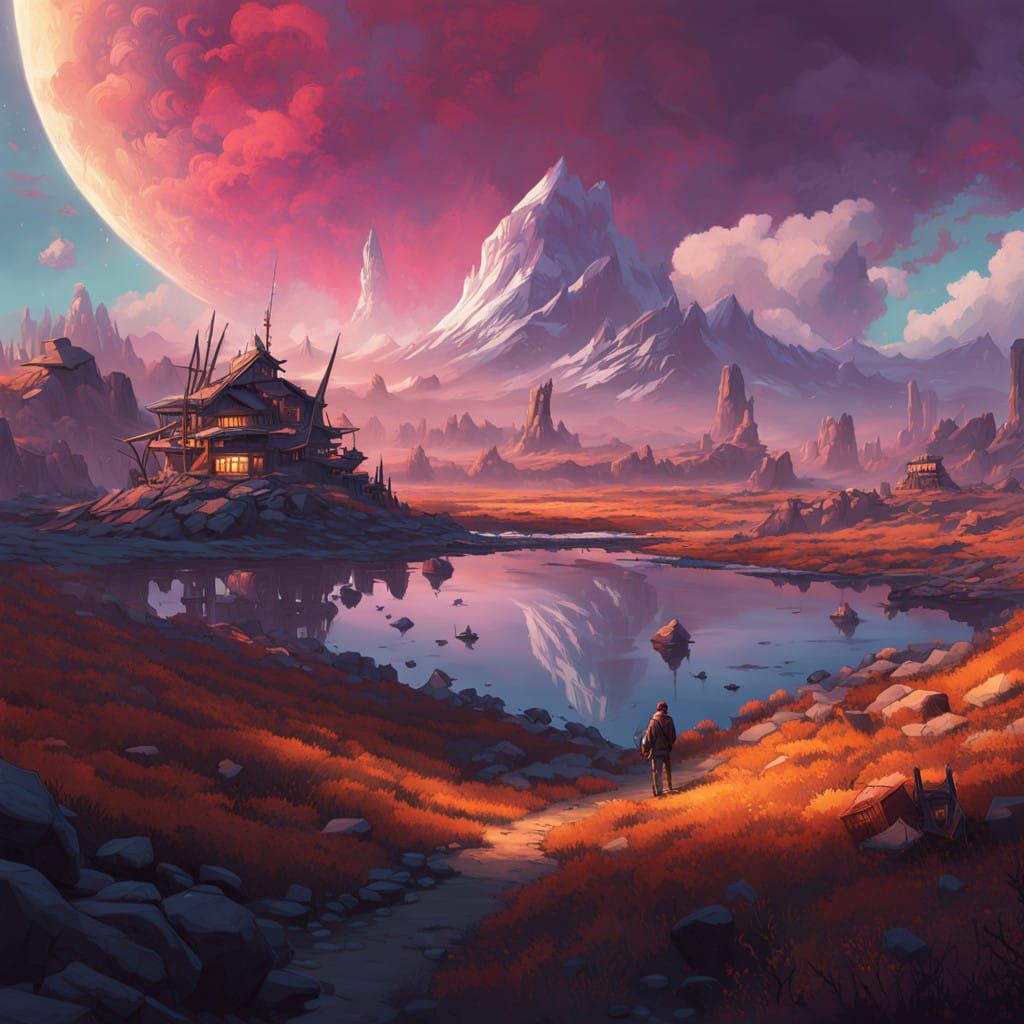 Dreamlike Aurora Borealis Landscape in Deep Blues and Neon A...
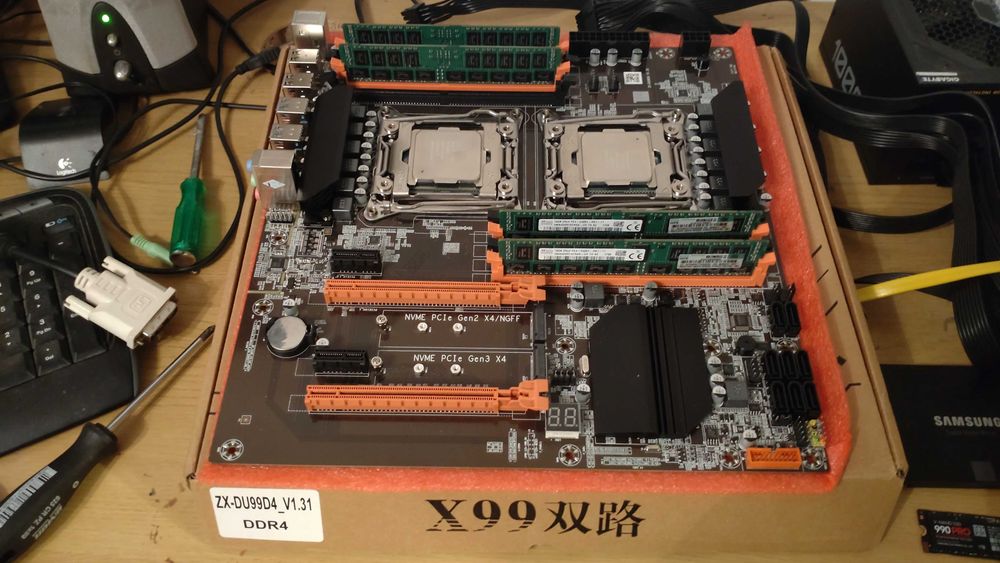 Kit server dual xeon X99 (similar i7 sau i9), gaming sau virtualizare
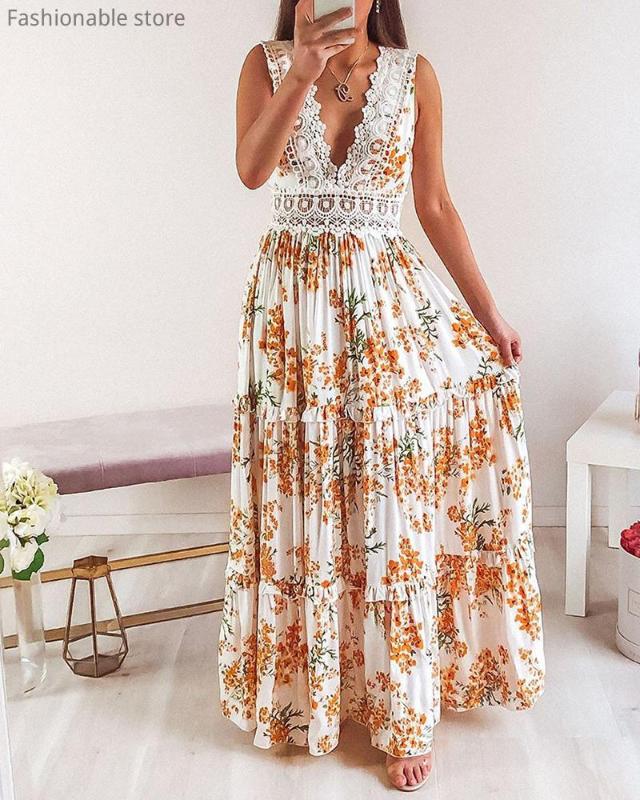 Elegant Women Summer Deep Plunge Lace Trim Sundress Sleeveless Open Back Printed Maxi Dress Holiday Vacation Dress, Red
Elegant Women Summer Deep Plunge Lace Trim Sundress Sleeveless Open Back Printed Maxi Dress Holiday Vacation Dress, Red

Task item - When you repeat the listing, keep it exact and leave the pictures behind.

Exercise result -
 Dreamlike Aurora Borealis Landscape in Deep Blues and Neon A...
 Kit server dual xeon X99 (similar i7 sau i9), gaming sau virtualizare
 Elegant Women Summer Deep Plunge Lace Trim Sundress Sleeveless Open Back Printed Maxi Dress Holiday Vacation Dress, Red
Elegant Women Summer Deep Plunge Lace Trim Sundress Sleeveless Open Back Printed Maxi Dress Holiday Vacation Dress, Red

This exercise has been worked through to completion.